Method comparison
Load assignment results
In case some of the methods were manually run on distinct gRNA subsets, we provide the function combine_assignments to combine the outputs into one csv file. After running all guide assignment methods of interest, we can create a data frame which contains all gRNA cell assignments per method using the load_assignments function and filter for cells that got exactly one gRNA assigned.
- crispat.combine_assignments(data_dir)
Combines assignment files for methods that have been performed on gRNA subsets
- Parameters:
data_dir (str) – directory containing the assignment output
- Returns:
None
- crispat.load_assignments(gc_dict, data_dir)
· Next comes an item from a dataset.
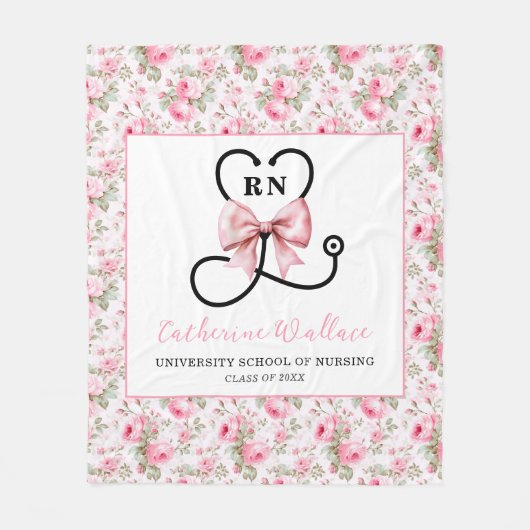 Pink Bow geregistreerd verpleegkundige Afstuderen Fleece Deken (Voorkant)
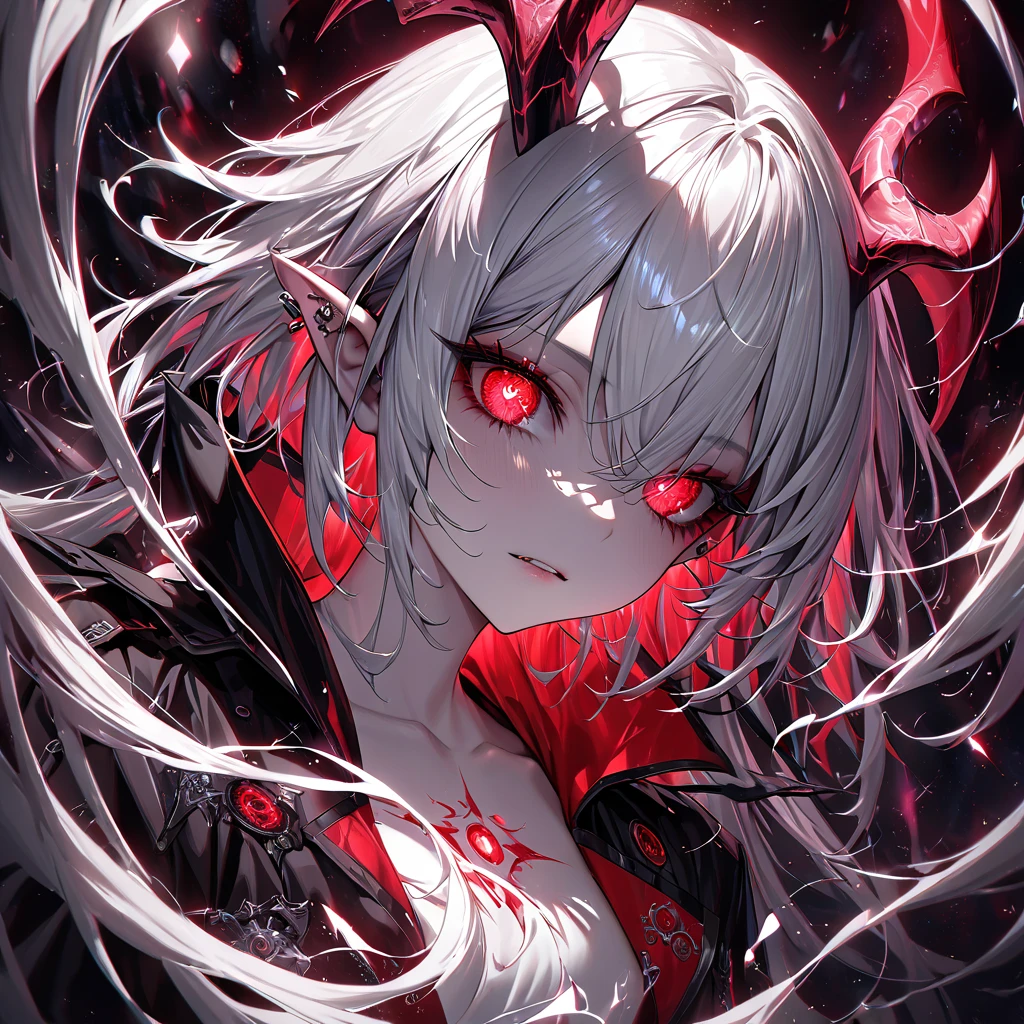 facing front, pink pony, fangs, red eyes, white irises, white hair, bat wings, succubus tail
Loads and combines assignment files of specified methods
- Parameters:
gc_dict (dict) – dictionary with method directory and threshold for each assignment
data_dir (str) – directory containing all assignment output folders
- Returns:
A pd DataFrame containing the gRNA-cell assignments of each method
Number of assigned cells and intersection
To plot the number of total assigned cells, as well as the number of uniquely assigned cells per method, crispat contains the function plot_n_assigned_cells. To compare how similar various assignments are to each other, crispat also includes a function (plot_intersection_heatmap) which creates a heatmap of the pairwise Jaccard index of uniquely assigned cells per method.
- crispat.plot_n_assigned_cells(perturbations, colors=None)
Plots a barplot with the number of assigned cells and uniquely assigned cells per method
- Parameters:
perturbations (pd DataFrame) – df with the assigned perturbations (needed columns: method, cell, gRNA)
colors (dictionary, optional) – specifies the colors to use for each method in the barplot
- Returns:
A matplotlib plot
- crispat.plot_intersection_heatmap(perturbations, method_order=None)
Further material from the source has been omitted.